Veteran peace campaigner Michael Randle reflects on his experience with the mass movement against nuclear weapons in the early 1960s and what lessons it holds for Extinction Rebellion and contemporary nonviolent protest movements.

The spectacle of thousands of predominantly young people taking to streets in nonviolent protest against the threat of climate catastrophe is reminiscent of the mass demonstrations and sit-downs of the anti-nuclear Committee of 100 (C100) in the 1960s. Like Extinction Rebellion (XR), the Committee – as indeed the broader anti- nuclear movement – was a response to an existential threat to civilisation, possibly even to human survival.

Like XR, the Committee was committed to using mass nonviolent direct action to achieve its objectives. In the case of the C100, the goals were the unconditional renunciation by Britain of nuclear weapons, and worldwide resistance to the threat of nuclear war.

The Committee was an attempt to put on a mass footing the methods of nonviolent sit-downs, occupations and other forms of disruption – in addition to more conventional rallies and marches – that had been explored by its predecessor, the Direct Action Committee Against Nuclear War (DAC).  

Pledge to act

In July and August 1960 a small group from New Left, anti-nuclear and pacifist circles began meeting informally. They approached and secured the support of well-known writers and public figures including the philosopher Bertrand Russell, and the anti-apartheid campaigner Reverend Michael Scott.

Bertrand and Edith Russell lead the C100 protest march down Whitehall, 18 Feb 1961.

The upshot was the formation in October 1960 of ‘The Committee of 100’, launched with a declaration by Russell and Scott, entitled Act or Perish, which called for a ‘movement of nonviolent resistance to nuclear war and weapons of mass destruction’.

A key element to the Committee’s strategy was that planned demonstrations would not go ahead unless at least 2,000 pledges to participate had been received in advance.

The first demonstration, on 18 February 1961, was a sit-down by several thousand demonstrators outside the War Office in Whitehall in central London.

Numbers were down by about half on the second demonstration on 29 April – an attempt to hold a ‘Public Assembly’ in Parliament Square – but the event was saved, at least in terms of the publicity it generated, by the arrest of 800 people who sat down in Whitehall when the police blocked the way to Parliament Square.

Repression

When the Committee announced another public assembly in Parliament Square to take place on 17 September 1961, to be preceded by a demonstration in Trafalgar Square, the authorities reacted forcefully. The Justices of the Peace Act of 1361 was invoked to summons 37 members of the Committee to appear before a magistrates court. 35 Committee members refused to be ‘bound-over to keep the peace’ and were sentenced variously to one or two months’ imprisonment. The 1936 Public Order Act was also invoked to impose a ban on the planned demonstration in Trafalgar Square, but this went ahead and 1,300 people were arrested and charged with obstruction. At a simultaneous sit-down demonstration at the Polaris nuclear missile submarine base at Holy Loch in Scotland, 351 protesters were arrested.

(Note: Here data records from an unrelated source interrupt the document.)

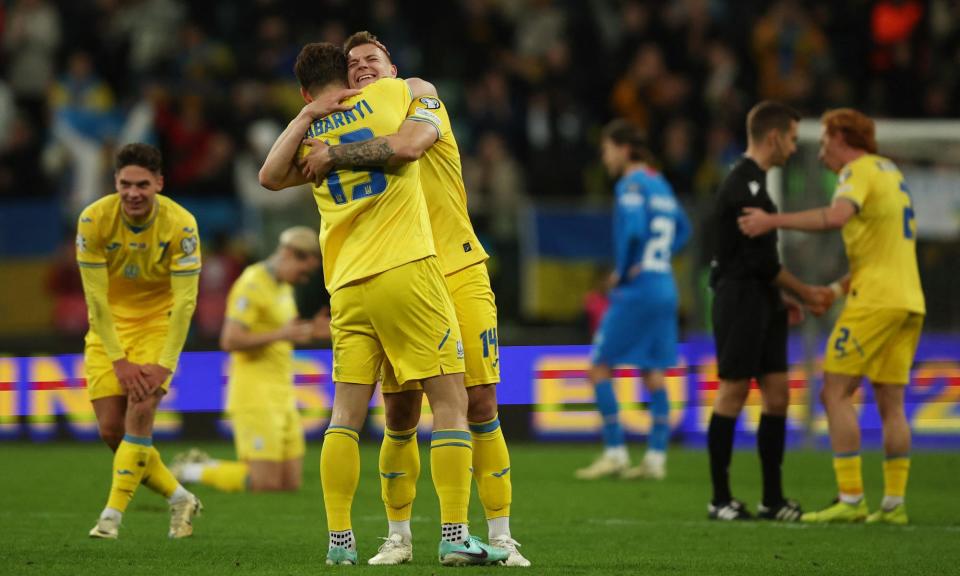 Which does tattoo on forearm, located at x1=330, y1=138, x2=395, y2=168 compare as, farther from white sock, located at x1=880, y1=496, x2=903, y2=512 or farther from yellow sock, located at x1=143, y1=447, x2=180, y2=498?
white sock, located at x1=880, y1=496, x2=903, y2=512

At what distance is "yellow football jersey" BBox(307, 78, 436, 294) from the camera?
6.91 m

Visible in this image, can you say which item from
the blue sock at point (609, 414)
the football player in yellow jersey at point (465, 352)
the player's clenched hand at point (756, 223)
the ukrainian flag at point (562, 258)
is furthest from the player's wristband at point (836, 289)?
the ukrainian flag at point (562, 258)

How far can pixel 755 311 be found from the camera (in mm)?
9641

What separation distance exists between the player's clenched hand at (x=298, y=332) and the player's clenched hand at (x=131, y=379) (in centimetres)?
282

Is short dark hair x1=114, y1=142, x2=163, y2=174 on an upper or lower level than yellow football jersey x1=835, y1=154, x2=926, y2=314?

Peace News, 24 Feb 1961 front cover.

The Committee proceeded to plan for civil disobedience protests at a number of military bases and city centres for 9 December 1961, calling for 50,000 to participate. However, the day before the demonstrations, all six office staff of the Committee were arrested and charged with conspiracy to contravene the Official Secrets Act. Perhaps deterred by such intimidatory actions only 4,000 people turned up at different locations around the country, 800 of whom were arrested.

After 9 December, the Committee did organise further actions but the dynamism and optimism of the earlier actions was missing. A planned sit-down for 9 September 1962 outside the Air Ministry in London was called off when the numbers pledged to participate fell far short of the 7,000 minimum target set by the Committee.

Lessons for XR?

What experiences of the C100 might be relevant to XR and kindred movements today? I am reluctant to be too categorical on this issue as the context today is different in several respects.

First, nonviolent direct action, thanks to earlier campaigns, from DAC to Greenham Common, has become more widely accepted as a legitimate form of protest in the context of a parliamentary democracy. This probably makes it easier for people to consider engaging in it but also means it has to be more dramatic and sustained to have an equivalent impact.

Second, the nature of the climate threat is somewhat different from that of a nuclear war. For the latter to occur, a deliberate decision has to be taken by some government(s) to use nuclear weapons – and this is true even of a war that is initially sparked off by an accident. Today, with the climate/ecological crisis, inertia alone, and a consequent failure to take internationally-concerted action, is sufficient to lead to catastrophe.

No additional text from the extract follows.